What I really appreciate about the current instructional design movement is it's intentionality to connect educational theory, which has long been the realm of K-12 professionals, to other arenas such as higher education, library instruction, and media (or digital) literacy. It gives purpose to those assessment matrices that we have to produce for our accrediting bodies, it provides opportunities to integrate new tools into our teaching in incremental but significant ways, and its incredibly satisfying to know one has put thought and effort into one's chosen vocation.

All of those thoughts are why I have enrolled in a 4-week course provided by the ALA on Instructional Design Essentials. Taught by librarians in an online environment, they state that if I do my work thoughtfully and carefully, I will have a course, session, or module ready for student consumption at the end. The temptation is of course to try and revamp every library session I teach over the course of an academic year during this four weeks, but I will refrain. However, my coworker and I have long toyed with the idea of creating a module for our the students in the Division of Adult and Graduate Studies. These are all distance-education students who rarely make it to the library in person and who at the most receive two library instruction sessions.

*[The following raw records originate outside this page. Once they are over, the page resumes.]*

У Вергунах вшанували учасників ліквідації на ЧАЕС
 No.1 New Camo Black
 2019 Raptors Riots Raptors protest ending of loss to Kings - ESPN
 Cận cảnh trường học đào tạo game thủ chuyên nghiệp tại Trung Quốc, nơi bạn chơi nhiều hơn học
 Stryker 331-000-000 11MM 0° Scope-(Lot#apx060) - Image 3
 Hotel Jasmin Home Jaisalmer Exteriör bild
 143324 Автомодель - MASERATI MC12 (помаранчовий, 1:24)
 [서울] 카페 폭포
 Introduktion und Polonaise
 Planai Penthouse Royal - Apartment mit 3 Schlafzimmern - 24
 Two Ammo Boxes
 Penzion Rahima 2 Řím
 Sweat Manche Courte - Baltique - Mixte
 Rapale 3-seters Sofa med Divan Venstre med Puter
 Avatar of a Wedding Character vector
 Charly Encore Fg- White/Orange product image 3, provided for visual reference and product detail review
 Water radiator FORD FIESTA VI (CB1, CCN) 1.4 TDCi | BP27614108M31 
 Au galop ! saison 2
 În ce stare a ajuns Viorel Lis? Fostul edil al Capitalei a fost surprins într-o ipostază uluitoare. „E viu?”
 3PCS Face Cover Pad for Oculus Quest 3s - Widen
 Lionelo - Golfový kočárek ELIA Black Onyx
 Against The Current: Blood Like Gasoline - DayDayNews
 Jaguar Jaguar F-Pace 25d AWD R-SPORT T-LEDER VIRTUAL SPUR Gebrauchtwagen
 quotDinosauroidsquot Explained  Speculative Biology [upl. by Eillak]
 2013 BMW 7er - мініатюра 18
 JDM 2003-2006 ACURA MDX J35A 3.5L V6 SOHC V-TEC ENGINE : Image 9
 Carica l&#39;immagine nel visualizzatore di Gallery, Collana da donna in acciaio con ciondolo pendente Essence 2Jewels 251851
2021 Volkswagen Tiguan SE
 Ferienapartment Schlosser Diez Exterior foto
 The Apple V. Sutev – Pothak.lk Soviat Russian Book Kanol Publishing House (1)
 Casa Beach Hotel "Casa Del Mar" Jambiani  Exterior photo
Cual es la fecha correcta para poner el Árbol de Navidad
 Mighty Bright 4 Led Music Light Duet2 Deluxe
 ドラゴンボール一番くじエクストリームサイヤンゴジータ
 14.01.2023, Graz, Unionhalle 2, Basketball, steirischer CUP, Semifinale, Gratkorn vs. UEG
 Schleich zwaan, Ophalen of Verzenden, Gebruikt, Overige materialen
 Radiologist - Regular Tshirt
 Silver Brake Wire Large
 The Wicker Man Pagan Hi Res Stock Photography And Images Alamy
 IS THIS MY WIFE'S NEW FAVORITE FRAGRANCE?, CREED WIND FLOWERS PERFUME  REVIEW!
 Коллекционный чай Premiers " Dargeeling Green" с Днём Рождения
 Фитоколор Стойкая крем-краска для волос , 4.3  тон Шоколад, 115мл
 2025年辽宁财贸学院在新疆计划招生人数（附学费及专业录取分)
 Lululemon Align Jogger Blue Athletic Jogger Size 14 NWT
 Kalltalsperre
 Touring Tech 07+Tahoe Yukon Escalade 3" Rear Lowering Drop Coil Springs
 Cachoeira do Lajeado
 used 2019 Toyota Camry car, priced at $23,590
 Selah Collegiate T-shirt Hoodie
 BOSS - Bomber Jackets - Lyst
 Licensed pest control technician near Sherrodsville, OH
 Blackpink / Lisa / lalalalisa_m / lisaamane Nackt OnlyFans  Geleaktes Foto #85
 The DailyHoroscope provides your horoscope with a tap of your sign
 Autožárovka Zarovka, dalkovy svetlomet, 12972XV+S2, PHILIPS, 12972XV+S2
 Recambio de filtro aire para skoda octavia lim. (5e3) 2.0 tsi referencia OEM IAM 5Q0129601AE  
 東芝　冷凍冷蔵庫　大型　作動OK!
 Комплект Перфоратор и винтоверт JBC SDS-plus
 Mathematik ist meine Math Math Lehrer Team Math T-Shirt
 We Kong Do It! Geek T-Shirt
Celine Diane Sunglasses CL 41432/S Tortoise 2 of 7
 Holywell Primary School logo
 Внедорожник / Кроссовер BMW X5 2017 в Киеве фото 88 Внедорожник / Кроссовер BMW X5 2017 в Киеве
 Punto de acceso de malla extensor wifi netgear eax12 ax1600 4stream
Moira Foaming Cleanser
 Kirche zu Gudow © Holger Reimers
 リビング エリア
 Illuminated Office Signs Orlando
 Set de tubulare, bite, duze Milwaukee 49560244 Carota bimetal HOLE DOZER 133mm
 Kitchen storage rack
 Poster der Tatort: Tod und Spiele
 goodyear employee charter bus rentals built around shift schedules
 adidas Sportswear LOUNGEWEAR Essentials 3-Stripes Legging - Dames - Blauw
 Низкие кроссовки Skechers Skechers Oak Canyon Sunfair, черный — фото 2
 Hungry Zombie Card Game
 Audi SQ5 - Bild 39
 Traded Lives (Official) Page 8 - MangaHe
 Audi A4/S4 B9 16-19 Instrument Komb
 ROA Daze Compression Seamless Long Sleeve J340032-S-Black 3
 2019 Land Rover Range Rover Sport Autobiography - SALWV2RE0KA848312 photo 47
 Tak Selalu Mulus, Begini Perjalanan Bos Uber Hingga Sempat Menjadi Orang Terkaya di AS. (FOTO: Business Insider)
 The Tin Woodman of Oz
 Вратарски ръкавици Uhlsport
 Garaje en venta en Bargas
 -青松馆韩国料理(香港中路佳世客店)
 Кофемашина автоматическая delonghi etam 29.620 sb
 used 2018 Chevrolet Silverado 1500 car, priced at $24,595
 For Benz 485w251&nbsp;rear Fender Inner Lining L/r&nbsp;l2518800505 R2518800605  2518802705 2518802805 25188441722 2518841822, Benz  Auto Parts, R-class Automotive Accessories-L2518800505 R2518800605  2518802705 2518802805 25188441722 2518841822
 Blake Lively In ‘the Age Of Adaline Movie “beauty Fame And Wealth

We spend a lot of those sessions on basic research skills and don't have a lot of time to dig into more advanced searching, refining results, and thinking about sources. I hope to use instructional design to create an orientation module for those students so they are familiar with library resources before they attend a library session. Library research continues to affirm that skills-based instruction in an online format can be effective and as a result can make face-to-face library session more productive as well.

On a professional level, I'm excited to be actively engaged with other librarians, to have the accountability that helps me apply the ideas and theories I encounter at workshops to my daily tasks. I hope that this course also helps me define the broader goals our department has for integrating library instruction across the curriculum and for working with faculty as they apply those learning outcomes to their own course design. So, why instructional design? The short answer is: I want to be a better teacher. So here it goes.